Pourtant, pour définir le principe de laïcité, il suffisait de reprendre les termes de l'article 1er de la loi de 1905 qui affirme la liberté de conscience avec, pour corollaire, la liberté de religion ; il suffisait de se référer à l'article 2 concernant la séparation des Églises et de l'État, laquelle se traduit par la neutralité des personnes exerçant une mission de service public, consacrée depuis dans la loi du 20 avril 2016. Il s'agissait, par une définition que nous vous avions proposée, de rassembler les éléments constitutifs de la laïcité, y compris la jurisprudence du Conseil constitutionnel de 2004, pour aider à la compréhension de la loi et à l'application de ce principe. Ce fil rouge nous a manqué tout au long des débats et son absence nuit à l'intelligibilité du texte.

Était-il si difficile d'écrire, en cette période compliquée où les avis s'affrontent, que la République assure la liberté de pensée, de conscience et de religion en garantissant le droit de manifester son appartenance religieuse comme son absence, ainsi que, le cas échéant, de changer de religion ? Était-il si difficile d'écrire que la République garantit une stricte neutralité des personnes exerçant une mission de service public vis-à-vis des usagers et, réciproquement, qu'elle interdit à quiconque de se prévaloir de ses croyances religieuses pour s'affranchir des règles communes régissant les relations entre collectivités publiques et particuliers ?

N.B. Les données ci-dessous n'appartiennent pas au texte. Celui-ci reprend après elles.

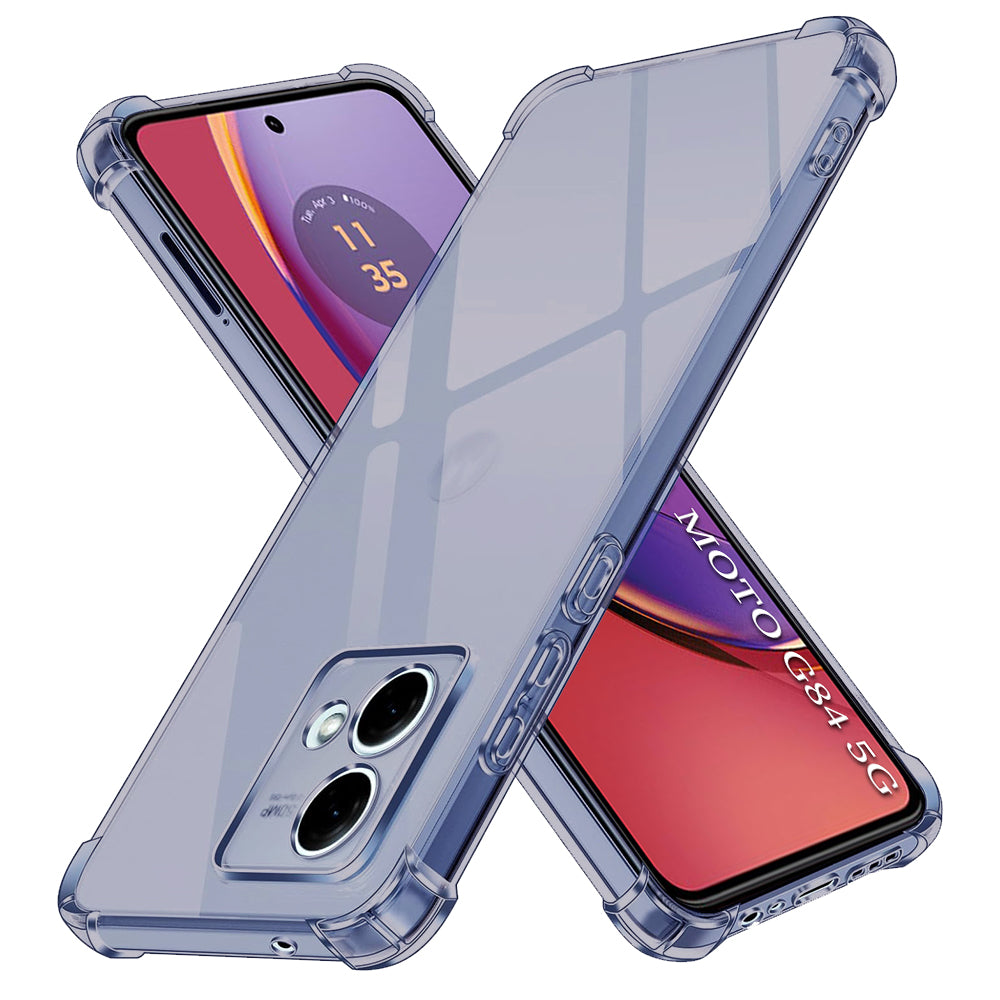 Techsuit - Shockproof Clear Silicone - Motorola Moto G84 - Smoke Black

Il est par ailleurs indispensable de rappeler que la loi de 1905 a prévu la condamnation des éventuelles dérives des religions, qui contreviendraient aux lois de la République. Elle a prévu de punir sévèrement, pénalement, tout abus commis au nom de la religion. On peut partager ou non l'intérêt des dispositions prises dans ce texte. En revanche, il est essentiel que nous sachions tous de quoi nous parlons quand nous évoquons le principe de laïcité.

Dans la deuxième partie de mon intervention, je souhaite souligner que certaines mesures du projet de loi suscitent beaucoup d'inquiétudes, tant sur la remise en question du principe de laïcité que sur le champ des libertés fondamentales. À l'instar de Jean Baubérot, nous dénonçons un texte qui « affirme renforcer la laïcité, alors qu'il porte atteinte à la séparation des religions et de l'État ». Un rôle beaucoup plus important est désormais accordé à l'État dans l'organisation de toutes les religions et de leurs pratiques. De nouvelles contraintes sont imposées aux Églises, qui ne posaient pourtant pas de problème, pour tenter de les faire admettre à un culte – le culte musulman – dont les représentants conviennent d'ailleurs des efforts à poursuivre pour que leurs responsables locaux et nationaux soient mieux identifiés.

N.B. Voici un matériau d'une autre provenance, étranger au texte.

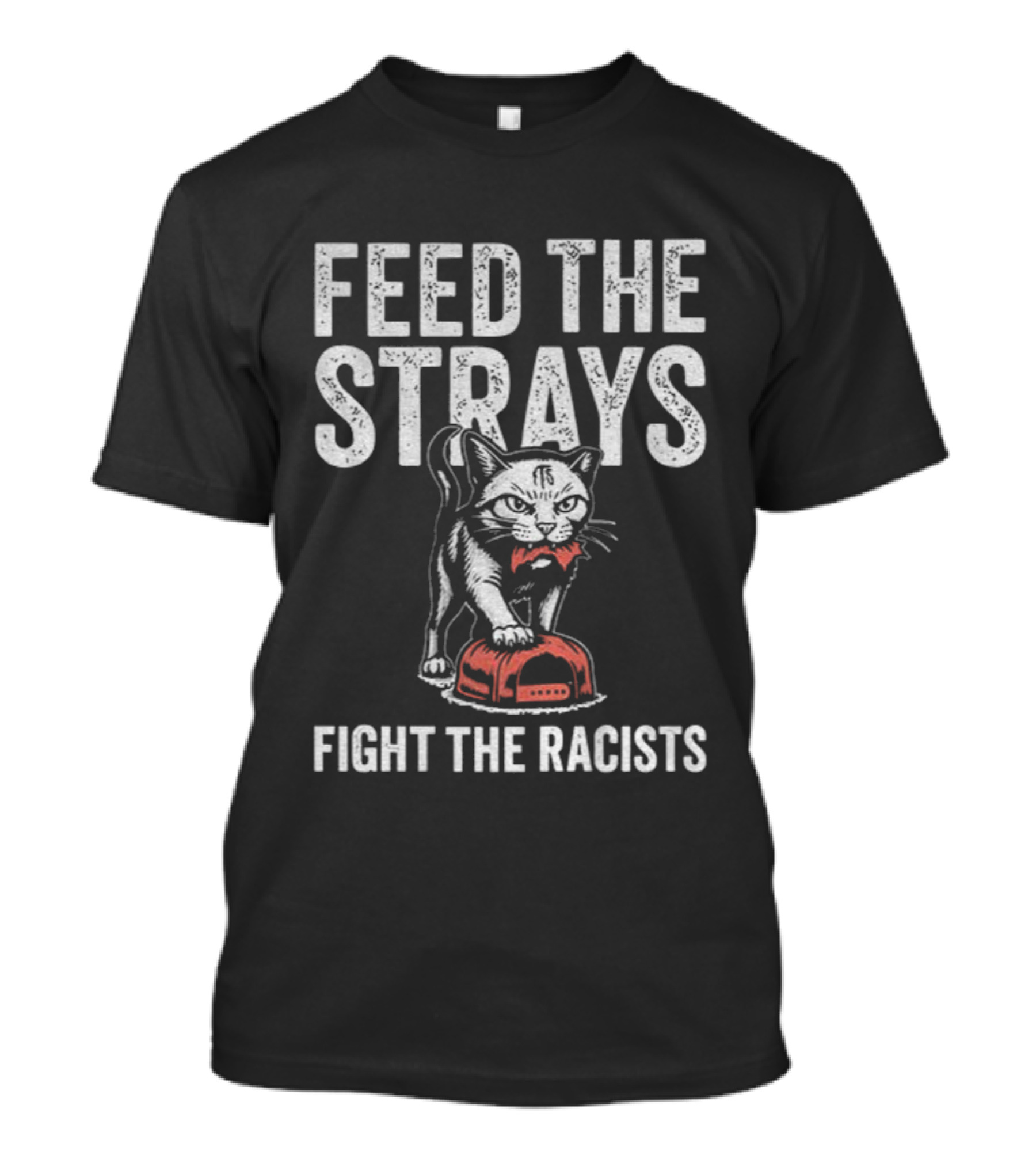 Feed The Strays Fight The Racists Cat With Red Helmet T-Shirt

Parmi ces mesures, nous nous inquiétons des nouvelles contraintes imposées aux associations cultuelles et plus largement au monde associatif, sur lequel nous devons jeter non pas un regard naïf, mais au contraire bienveillant, en soutenant ses actions. Certes, pas un euro ne doit être attribué à une association qui représenterait un danger pour la République – il est d'ailleurs étrange de devoir le préciser dans une loi ! En revanche, d'importants crédits devraient être réservés à ces associations qui agissent dans de multiples domaines et qui contribuent à la cohésion sociale. Le contrôle sans largesse des associations ne peut que les décourager, notamment celles qui tissent du lien social dans les quartiers difficiles. Toutes redoutent un contrat d'engagement républicain mal défini, mal compris, qui deviendrait un outil de sélection à la main des autorités.